Published: 04:53 PM, Thu Aug 09, 2012
Vaughan: Prep football jamboree turning into dog and pony show
Anyone who knows me knows what a passion I have for high school football.
I don't apologize for it being my favorite sport, and there's no question it's the most popular sport in the Cape Fear region.
We see that every year when football season rolls around and fan interest peaks as we begin discussing who is going to be the team to beat.
That is why I can safely say without fear of a strong argument that when it comes to the subject of football jamborees, they are not a hot topic in this area, and it's time to do away with them.
Thursday night I was at Gray's Creek High School for the revamped Cumberland-Robeson Two Rivers Jamboree, the first of two nights of action. The second night was held Thursday at Purnell Swett High School.
I didn't trust my own opinion as being judge and jury on this subject so I asked some other people, and I found the way I felt wasn't an isolated situation.

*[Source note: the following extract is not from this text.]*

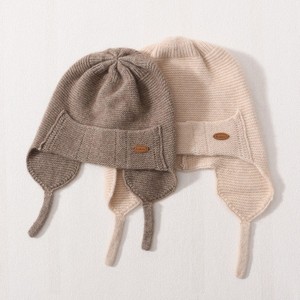 New Arrival <b>Beanie</b> caps Winter <b>Beanies</b> Warm Cap manufactured OEM design best quality custom logo <b>Beanie</b> caps for <b>Men</b> 2026 - Product Image 3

Once coach put it perfectly. He described the feeling at Gray's Creek Thursday as dog and ponyish.
The coaches and teams just felt the scrimmage was something they had to do to start the season, a duty to perform to kick things off before they could get back to the business of getting ready for the season.

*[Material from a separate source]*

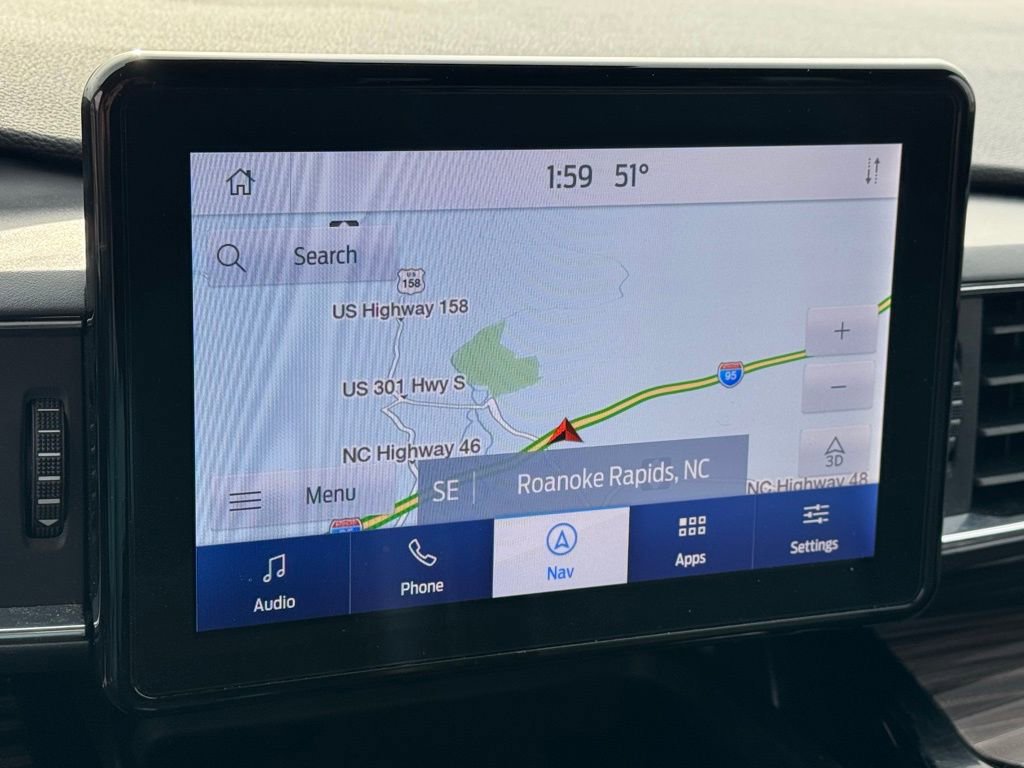 Used 2023 Ford Explorer Limited image 13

I realize the purpose, at least the original one, behind the scrimmage was the raise money for all the schools.
But the attendance at Gray's Creek last night was pitiful. I don't know if it was because of the weather or lack of interest in the teams that were there or what, but the fans just didn't turn out.

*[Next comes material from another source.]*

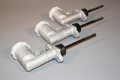 Brake Master Cylinders - Girling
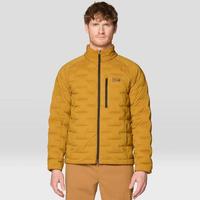 MOUNTAIN HARDWEAR/山浩 弹性 男士夹克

And there was zero atmosphere, no excitement.
There was no cheerleader showcase this year before the jamboree, but from what I was told, when the cheerleading squads were told it wouldn't be held, they didn't even protest. Apparently, they had better things to do.
Part of the problem with the jamboree, in my opinion, is that it's just too big. Even in this year's split form, they still had to start the first scrimmages at 5 p.m. That's because they modified the format because of complaints from the coaches, and allowed the teams an hour and 20 minutes of time on the field.
And that, in itself, is the core of what this problem is all about. Scrimmages are really meant for practice. They are not supposed to be used to show off your team to fans. They are supposed to be used to develop your depth, work on new plays and defensive formations, without fear of adding a loss to your record.
That is why I've never really been a fan of jamborees. I think scrimmages should be left to schools to hold on their home fields. And if they want to bring in jugglers and concessions and hold raffles and let the band play at halftime, more power to them. There's plenty of time for all that because there are just two schools involved, not 20, and they can keep all the money themselves.
There is one more year left in the deal between the Cumberland and Robeson County Schools for this current jamboree proposal. Let's go ahead and honor it, and then let's go back to the way things used to be. Let schools hold scrimmages on their own campuses, and if they want to hold a rock concert or shoot T-shirts in the bleachers at halftime, great.
As long as the teams get in their scrimmage time, that's what really matters.